Exercise: What you return should be every line below, word for word, and none of the images.

Data:
——————
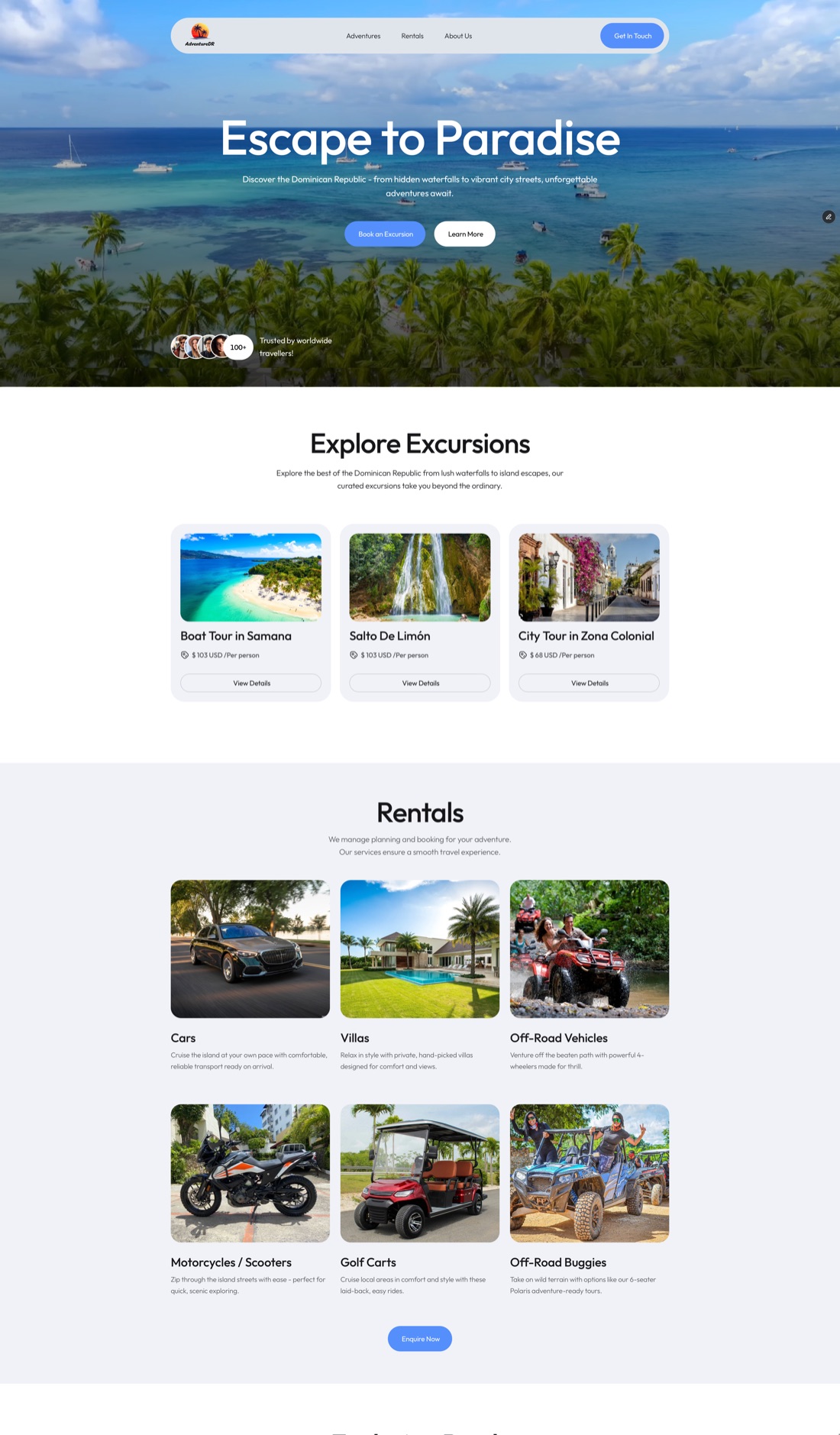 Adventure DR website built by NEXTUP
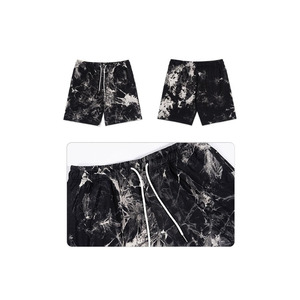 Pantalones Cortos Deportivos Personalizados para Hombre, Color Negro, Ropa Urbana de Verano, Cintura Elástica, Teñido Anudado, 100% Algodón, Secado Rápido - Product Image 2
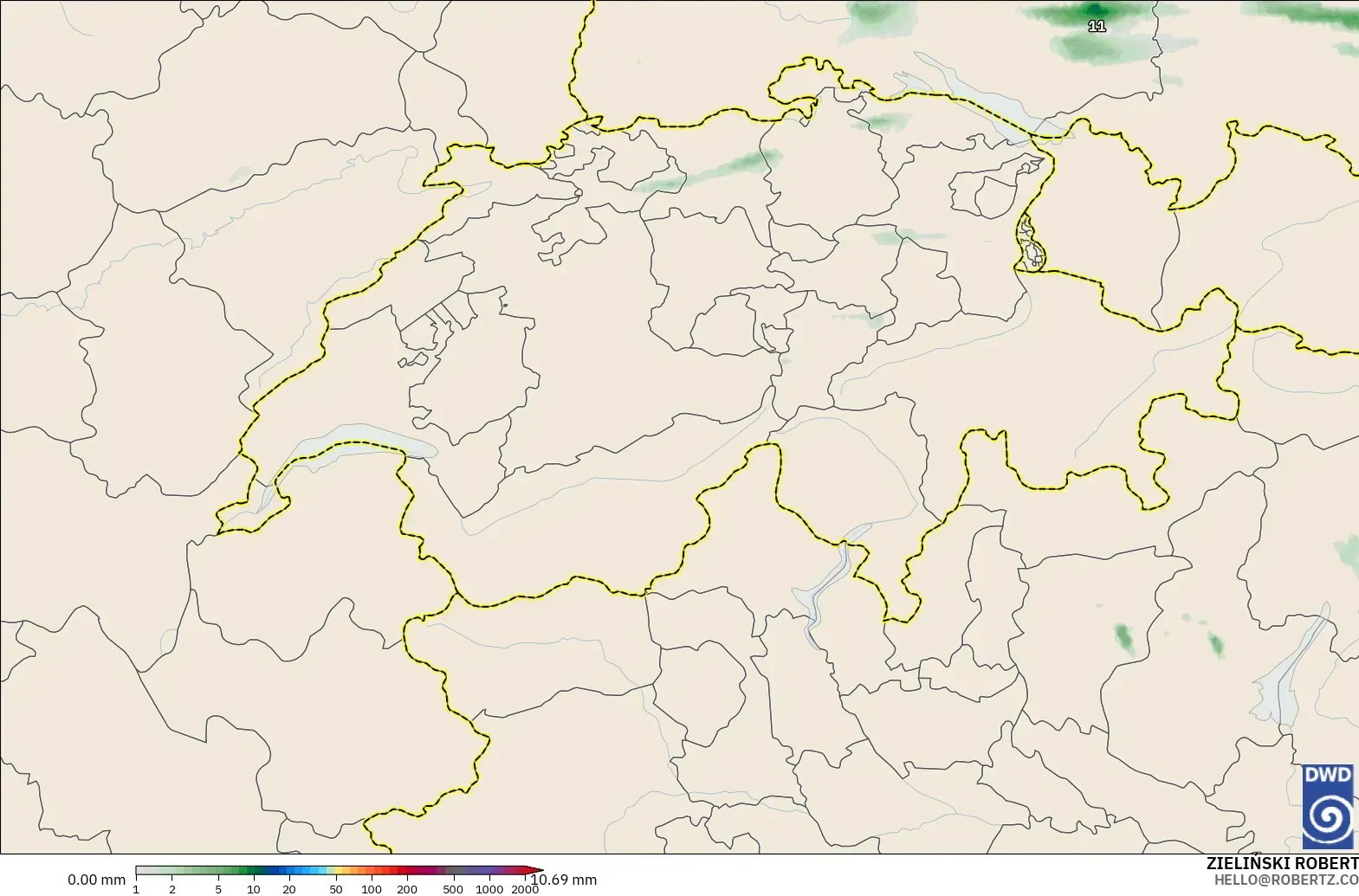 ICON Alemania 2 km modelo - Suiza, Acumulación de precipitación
——————
Response area:
 Adventure DR website built by NEXTUP
 Pantalones Cortos Deportivos Personalizados para Hombre, Color Negro, Ropa Urbana de Verano, Cintura Elástica, Teñido Anudado, 100% Algodón, Secado Rápido - Product Image 2
 ICON Alemania 2 km modelo - Suiza, Acumulación de precipitación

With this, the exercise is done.